Because there was a final order upon which the trial court could base the turnover order, we find no abuse its discretion.
Similarly, not long ago, the Fifth Circuit stated that "[i]t is well-settled that a civil contempt order is not `final' for purposes of appeal unless two actions occur: (1) a finding of contempt is issued, and (2) an appropriate sanction is imposed." United States Abatement Corp. v. Mobil Expl. Producing U.S., Inc. (In re U.S. Abatement Corp.), 39 F.3d 563, 567 (5th Cir. 1994) (citing cases). In In re U.S. Abatement Corp., the issue was whether the bankruptcy court lacked jurisdiction to reconsider its original order which found Mobil in contempt. The Fifth Circuit held that the original order was not final "because no assessment of sanctions ever occurred." Id. at 567. Accordingly, the bankruptcy court did not lose jurisdiction and could reconsider its original order of contempt. Id. Here, unlike the situation in In re U.S. Abatement, the bankruptcy court's order not only found Wilkins in contempt, it also assessed sanctions. See, e.g., Drummond Co. v.
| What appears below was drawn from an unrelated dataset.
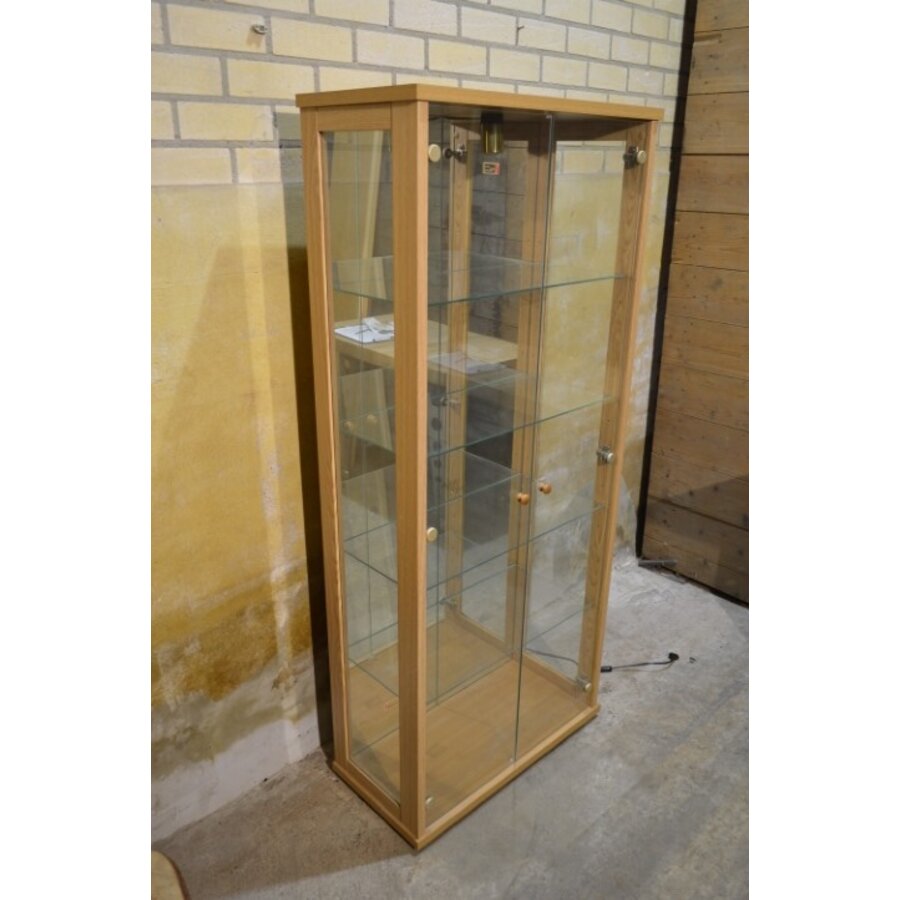 Vitrinekast eiken look met verlichting-1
District 20, United Mine Workers, 598 F.2d 381, 383 (5th Cir. 1979) (distinguishing between orders "imposing a fine or penalty for contempt which may be avoided by the party purging himself of the contempt by complying with the order, and those in which a fine or penalty is imposed within a time certain that may not be avoided by some other form of compliance," before concluding that only orders falling in the second category are immediately appealable).
The judgment of the trial court is affirmed.